• _Records for the task_
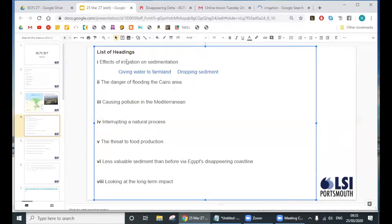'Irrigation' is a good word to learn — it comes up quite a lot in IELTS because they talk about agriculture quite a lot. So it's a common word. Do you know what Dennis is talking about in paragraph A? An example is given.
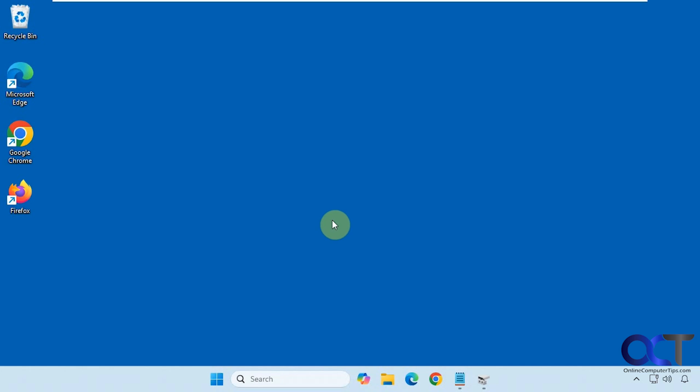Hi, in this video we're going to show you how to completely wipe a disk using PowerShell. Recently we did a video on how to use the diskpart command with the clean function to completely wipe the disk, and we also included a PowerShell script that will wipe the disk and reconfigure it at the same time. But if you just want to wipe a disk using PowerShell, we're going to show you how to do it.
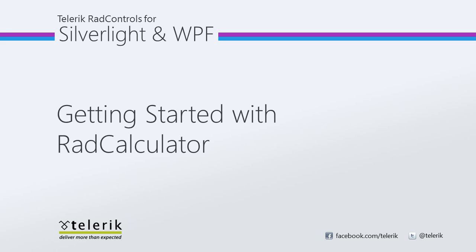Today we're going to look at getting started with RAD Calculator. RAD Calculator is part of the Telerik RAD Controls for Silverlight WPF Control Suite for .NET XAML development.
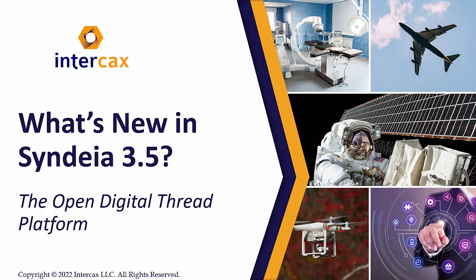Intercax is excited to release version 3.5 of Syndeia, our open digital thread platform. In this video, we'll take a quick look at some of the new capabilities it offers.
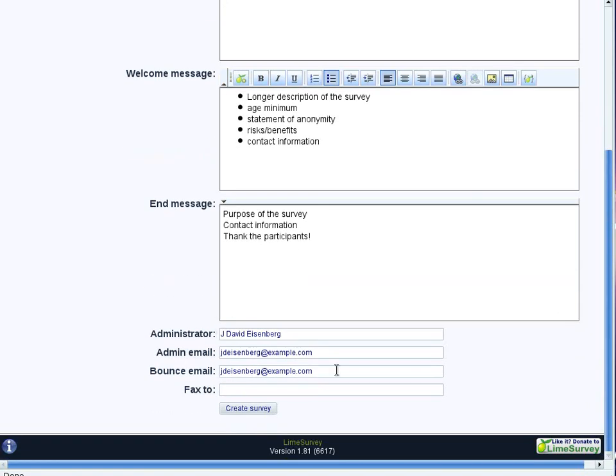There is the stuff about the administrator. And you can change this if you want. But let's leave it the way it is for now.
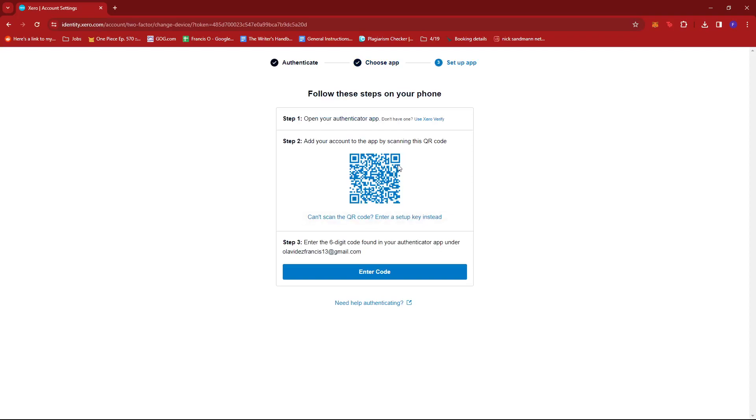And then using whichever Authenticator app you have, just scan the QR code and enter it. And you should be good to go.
...
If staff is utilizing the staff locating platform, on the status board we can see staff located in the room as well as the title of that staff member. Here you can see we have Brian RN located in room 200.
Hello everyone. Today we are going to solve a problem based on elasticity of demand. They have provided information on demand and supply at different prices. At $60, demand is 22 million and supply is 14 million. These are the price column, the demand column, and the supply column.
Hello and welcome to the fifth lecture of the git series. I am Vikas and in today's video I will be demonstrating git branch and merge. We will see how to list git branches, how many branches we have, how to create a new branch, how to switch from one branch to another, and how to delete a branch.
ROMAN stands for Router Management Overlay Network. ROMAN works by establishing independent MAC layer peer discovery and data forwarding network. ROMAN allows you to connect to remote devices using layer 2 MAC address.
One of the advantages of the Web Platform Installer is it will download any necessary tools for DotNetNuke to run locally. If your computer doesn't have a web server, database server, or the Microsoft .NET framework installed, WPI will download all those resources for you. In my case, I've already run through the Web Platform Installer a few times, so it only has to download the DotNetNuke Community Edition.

• _What is needed_
Tally how many lines of the records hold the word "Hello". Answer with the number only.

• _Exercise response_
2